Short text fragments from websites:
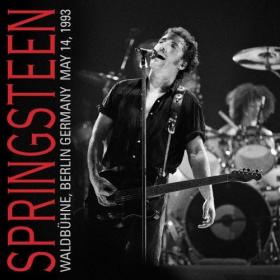 Bruce Springsteen - Waldbühne, Berlin Germany - May 14, 1993 (2022) Mp3 320kbps [PMEDIA] ⭐️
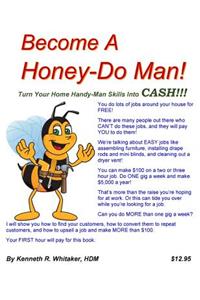Become A Honey-Do Man!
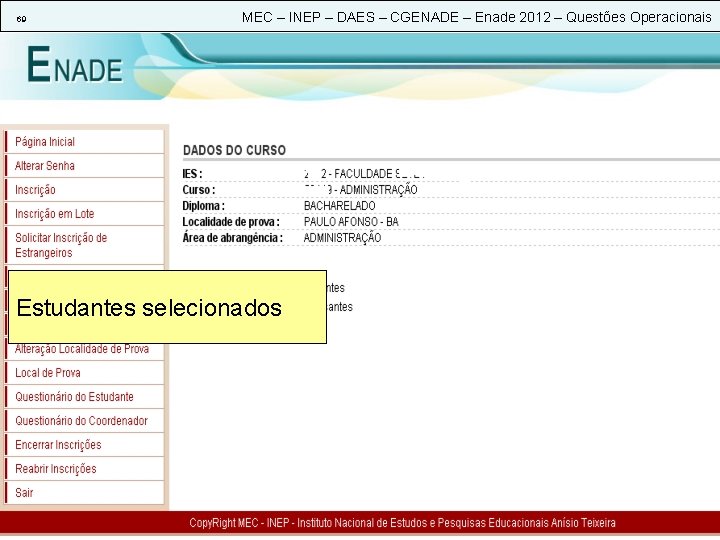 69 MEC – INEP – DAES – CGENADE – Enade 2012 – Questões Operacionais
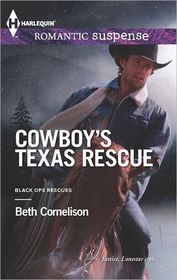 Cowboy's Texas Rescue (Black Ops Rescues, Bk 3) (Harlequin Romantic Suspense, No 1746)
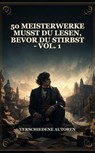 50 Meisterwerke Musst Du Lesen, Bevor Du Stirbst - Vol. 1 - Verschiedene Autoren - 9791044601803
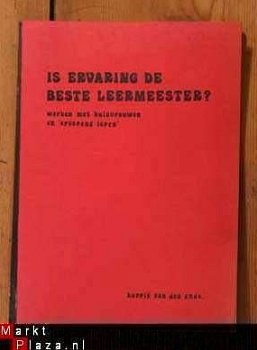 K. van den Ende - Is ervaring de beste leermeester? - 1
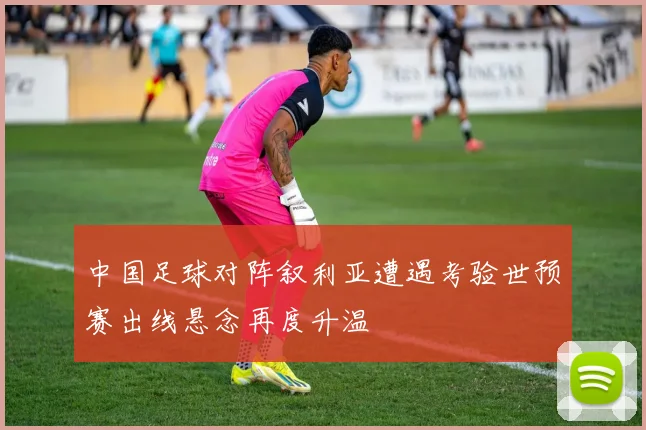 中国足球对阵叙利亚遭遇考验世预赛出线悬念再度升温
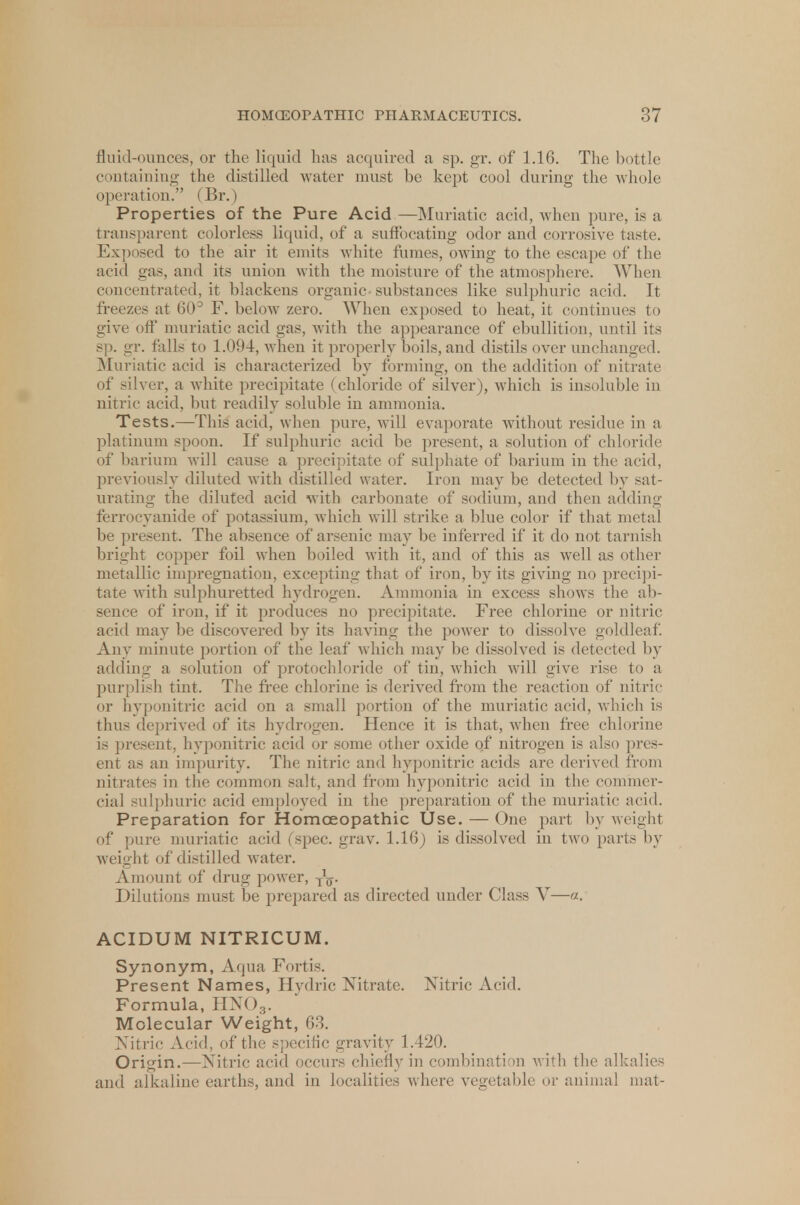 fluid-ounces, or the liquid has acquired a sp. gr. of 1.16. The bottle containing the distilled water must he kept cool during the whole operation. (Br.) Properties of the Pure Acid—Muriatic acid, when pure, is a transparent colorless liquid, of a suffocating odor and corrosive taste. Exposed to the air it emits white fumes, owing to the escape of the acid gas, and its union with the moisture of the atmosphere. When concentrated, it blackens organic substances like sulphuric acid. It freezes at 60° F. below zero. When exposed to heat, it continues to give off' muriatic acid gas, with the appearance of ebullition, until its sp. gr. falls to 1.094, when it properly boils, and distils over unchanged. Muriatic acid is characterized by forming, on the addition of nitrate of silver, a white precipitate (chloride of silver), which is insoluble in nitric acid, but readily soluble in ammonia. Tests.—This acid, when pure, will evaporate without residue in a platinum spoon. If sulphuric acid be present, a solution of chloride of barium will cause a precipitate of sulphate of barium in the acid, previously diluted with distilled water. Iron may be detected by sat- urating the diluted acid with carbonate of sodium, and then adding ferrocyanide of potassium, which will strike a blue color if that metal be present. The absence of arsenic may be inferred if it do not tarnish bright copper foil when boiled with it, and of this as well as other metallic impregnation, excepting that of iron, by its giving no precipi- tate with sulphuretted hydrogen. Ammonia in excess shows the ab- sence of iron, if it produces no precipitate. Free chlorine or nitric acid may be discovered by its having the power to dissolve goldleaf. Any minute portion of the leaf which may be dissolved is detected by adding a solution of protochloride of tin, which will give rise to a purplish tint. The free chlorine is derived from the reaction of nitric or hyponitric acid on a small portion of the muriatic acid, which is thus deprived of its hydrogen. Hence it is that, when free chlorine is present, hyponitric acid or some other oxide of nitrogen is also pres- ent as an impurity. The nitric and hyponitric acids are derived from nitrates in the common salt, and from hyponitric acid in the commer- cial sulphuric acid employed in the preparation of the muriatic acid. Preparation for Homoeopathic Use. — One part by weight of pure muriatic acid (spec. grav. 1.16) is dissolved in two parts by weight of distilled water. Amount of drug power, jfo. Dilutions must be prepared as directed under Class V—«. ACIDUM NITRICUM. Synonym, Aqua Fortis. Present Names, Hydric Nitrate. Nitric Acid. Formula, HX<>3. Molecular Weight, 63. Nitric Acid, of the specific gravity 1.420. Origin.—Nitric acid occurs chiefly in combination with the alkalies and alkaline earths, and in localities where vegetable or animal mat-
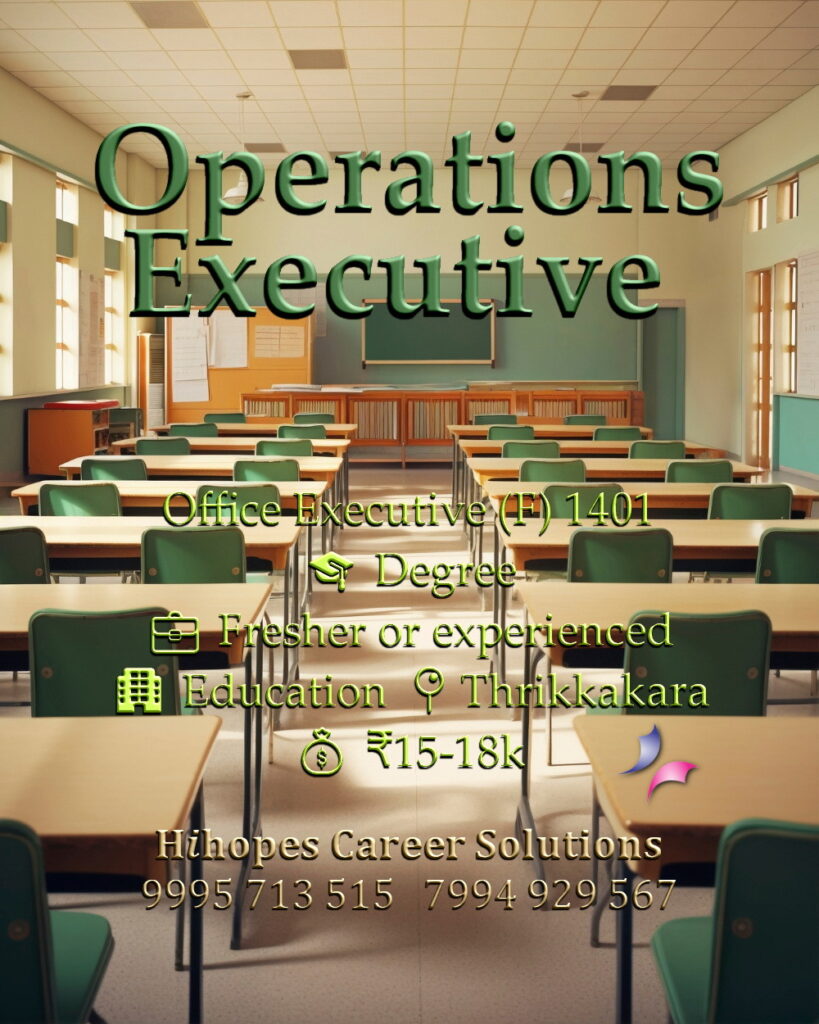 Job vacancy for Female Office Executive in Thrikkakara Kochi - Degree, Fresher or experienced, Education sector, Salary ₹15,000 to ₹18,000, Hihopes Career Solutions recruitment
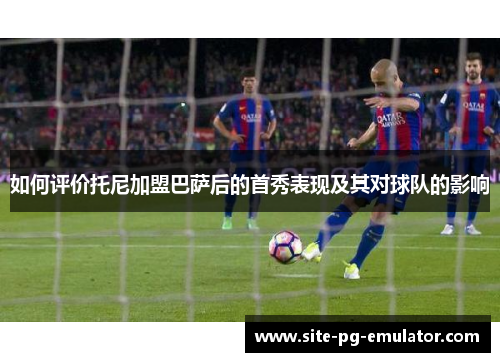 如何评价托尼加盟巴萨后的首秀表现及其对球队的影响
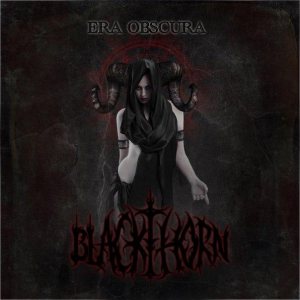 Blackthorn - Era Obscura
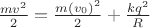 $\frac{mv^2}{2}=\frac{m(v_0)^2}{2}+\frac{kq^2}{R}$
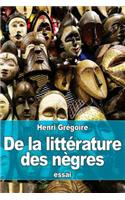De la littérature des nègres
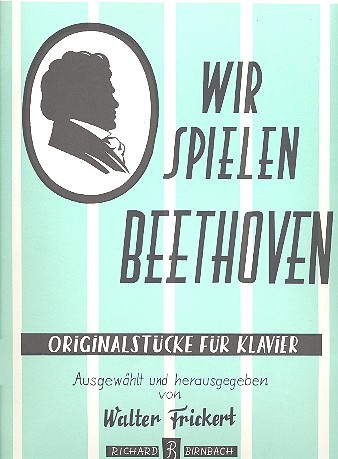Wir spielen Beethoven&nbsp;&nbsp;Originalstücke für Klavier&nbsp;&nbsp;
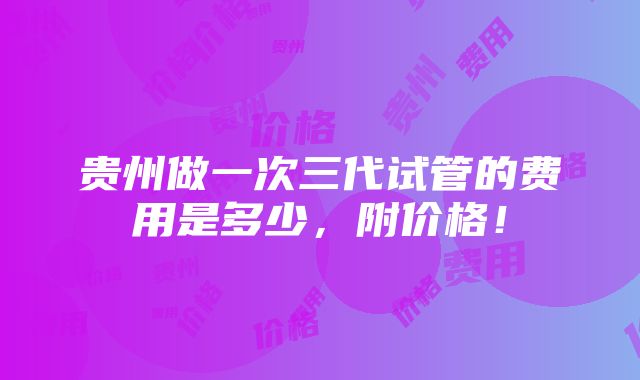 贵州做一次三代试管的费用是多少，附价格！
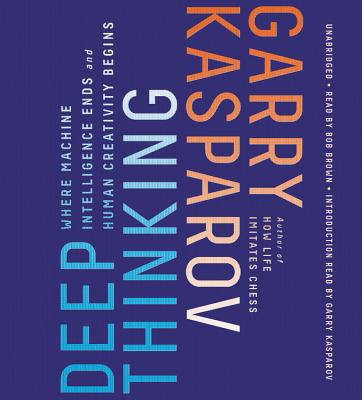 Deep Thinking: Where Machine Intelligence Ends and Human Creativity Begins By Garry Kasparov, Mig Greengard (With), Bob Brown (Read by) Cover Image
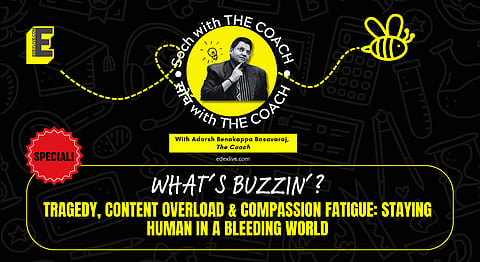 Air India plane crash tragedy, content overload, and compassion fatigue. How can you stay human in such times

◆ **What to produce**: Go through the records above and write out every line exactly, passing over the pictures.

◆ **Worked solution**:
 Bruce Springsteen - Waldbühne, Berlin Germany - May 14, 1993 (2022) Mp3 320kbps [PMEDIA] ⭐️
Become A Honey-Do Man!
 69 MEC – INEP – DAES – CGENADE – Enade 2012 – Questões Operacionais
 Cowboy's Texas Rescue (Black Ops Rescues, Bk 3) (Harlequin Romantic Suspense, No 1746)
 50 Meisterwerke Musst Du Lesen, Bevor Du Stirbst - Vol. 1 - Verschiedene Autoren - 9791044601803
 K. van den Ende - Is ervaring de beste leermeester? - 1
 中国足球对阵叙利亚遭遇考验世预赛出线悬念再度升温
 fluid-ounces, or the liquid has acquired a sp. gr. of 1.16. The bottle containing the distilled water must he kept cool during the whole operation. (Br.) Properties of the Pure Acid—Muriatic acid, when pure, is a transparent colorless liquid, of a suffocating odor and corrosive taste. Exposed to the air it emits white fumes, owing to the escape of the acid gas, and its union with the moisture of the atmosphere. When concentrated, it blackens organic substances like sulphuric acid. It freezes at 60° F. below zero. When exposed to heat, it continues to give off' muriatic acid gas, with the appearance of ebullition, until its sp. gr. falls to 1.094, when it properly boils, and distils over unchanged. Muriatic acid is characterized by forming, on the addition of nitrate of silver, a white precipitate (chloride of silver), which is insoluble in nitric acid, but readily soluble in ammonia. Tests.—This acid, when pure, will evaporate without residue in a platinum spoon. If sulphuric acid be present, a solution of chloride of barium will cause a precipitate of sulphate of barium in the acid, previously diluted with distilled water. Iron may be detected by sat- urating the diluted acid with carbonate of sodium, and then adding ferrocyanide of potassium, which will strike a blue color if that metal be present. The absence of arsenic may be inferred if it do not tarnish bright copper foil when boiled with it, and of this as well as other metallic impregnation, excepting that of iron, by its giving no precipi- tate with sulphuretted hydrogen. Ammonia in excess shows the ab- sence of iron, if it produces no precipitate. Free chlorine or nitric acid may be discovered by its having the power to dissolve goldleaf. Any minute portion of the leaf which may be dissolved is detected by adding a solution of protochloride of tin, which will give rise to a purplish tint. The free chlorine is derived from the reaction of nitric or hyponitric acid on a small portion of the muriatic acid, which is thus deprived of its hydrogen. Hence it is that, when free chlorine is present, hyponitric acid or some other oxide of nitrogen is also pres- ent as an impurity. The nitric and hyponitric acids are derived from nitrates in the common salt, and from hyponitric acid in the commer- cial sulphuric acid employed in the preparation of the muriatic acid. Preparation for Homoeopathic Use. — One part by weight of pure muriatic acid (spec. grav. 1.16) is dissolved in two parts by weight of distilled water. Amount of drug power, jfo. Dilutions must be prepared as directed under Class V—«. ACIDUM NITRICUM. Synonym, Aqua Fortis. Present Names, Hydric Nitrate. Nitric Acid. Formula, HX<>3. Molecular Weight, 63. Nitric Acid, of the specific gravity 1.420. Origin.—Nitric acid occurs chiefly in combination with the alkalies and alkaline earths, and in localities where vegetable or animal mat-
 Job vacancy for Female Office Executive in Thrikkakara Kochi - Degree, Fresher or experienced, Education sector, Salary ₹15,000 to ₹18,000, Hihopes Career Solutions recruitment
 如何评价托尼加盟巴萨后的首秀表现及其对球队的影响
 Blackthorn - Era Obscura
 $\frac{mv^2}{2}=\frac{m(v_0)^2}{2}+\frac{kq^2}{R}$
De la littérature des nègres
Wir spielen Beethoven&nbsp;&nbsp;Originalstücke für Klavier&nbsp;&nbsp;
 贵州做一次三代试管的费用是多少，附价格！
 Deep Thinking: Where Machine Intelligence Ends and Human Creativity Begins By Garry Kasparov, Mig Greengard (With), Bob Brown (Read by) Cover Image
 Air India plane crash tragedy, content overload, and compassion fatigue. How can you stay human in such times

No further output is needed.